As I said, that depends on what you mean by "cause". If "causes" can be quantum states, then no, since those are [wave-]functions of (continuous) time.

I am not knowledgeable enough about quantum theory to be certain, but what little I do know tells me we could not have such an infinite progression.
If by "causes", you mean the sort of things we get from measurements of quantum systems, then it seems that QM alone breaks that sort of causality without the need for cosmological matters. Since QM only determines probability distributions of such measurements (also cf. Bell's theorem), then although prior measurements influence future ones, it's hard to see how they "cause" them.

In fact, because their "influence" is due to their effect on the wavefunction, trying make sense of measurements causing other measurements seems to lead back to "causes" being the quantum states themselves, just as previously. If you can think some other way, I'd be very interested in discussing it, but right now I just can't see it.

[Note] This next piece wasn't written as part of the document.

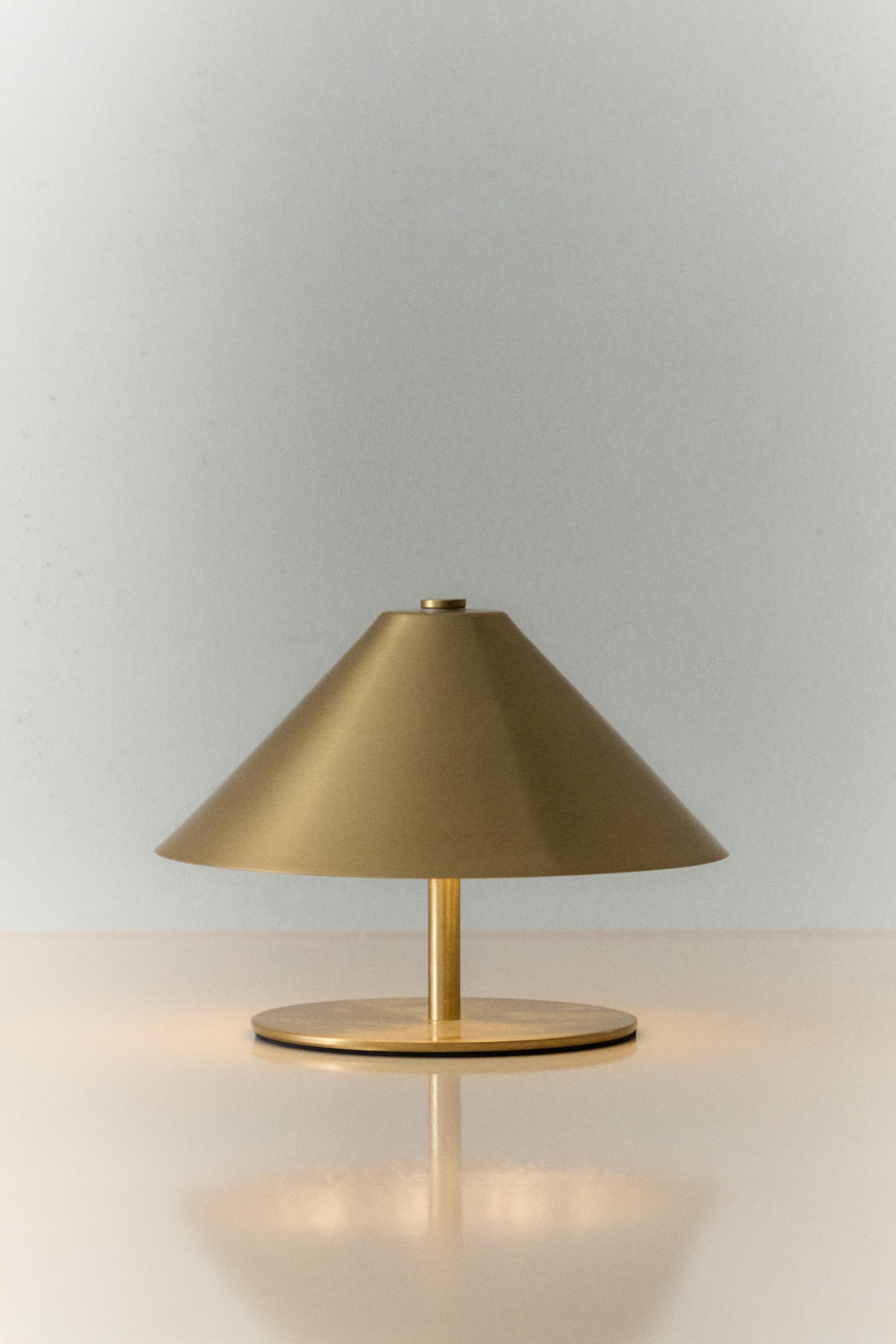 CORDLESS IRON TABLE LAMP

Your new coordinates do more than you think. If you say that t < 0 does not exist, that implies that a finite amount of time has passed from t = 0 until now.
That's a fair point. To remove such ambiguities, in GTR we can talk about lengths of geodesics rather than time coordinates.
 
Yes, the universe consists within the context of an endless chain of causes. If there was no t < 0, then something happened without any prior event, i.e., without cause, which is not possible. Hence there was a t < 0.
Actually, no. A chain of causes exists within the context of the universe. There is no reason that the universe itself should be tied to the same laws as events within it. At t=0, the laws of physics that we are familiar with cease to apply, and that includes causality.
 
OK, lets try this: a causes b is a very different statement than a < b. For example, a,b,…,n < z can all be true and a,b,…n can all not cause z. Or only c may cause z. These are not equivalent concepts. Does your definition somehow refute that?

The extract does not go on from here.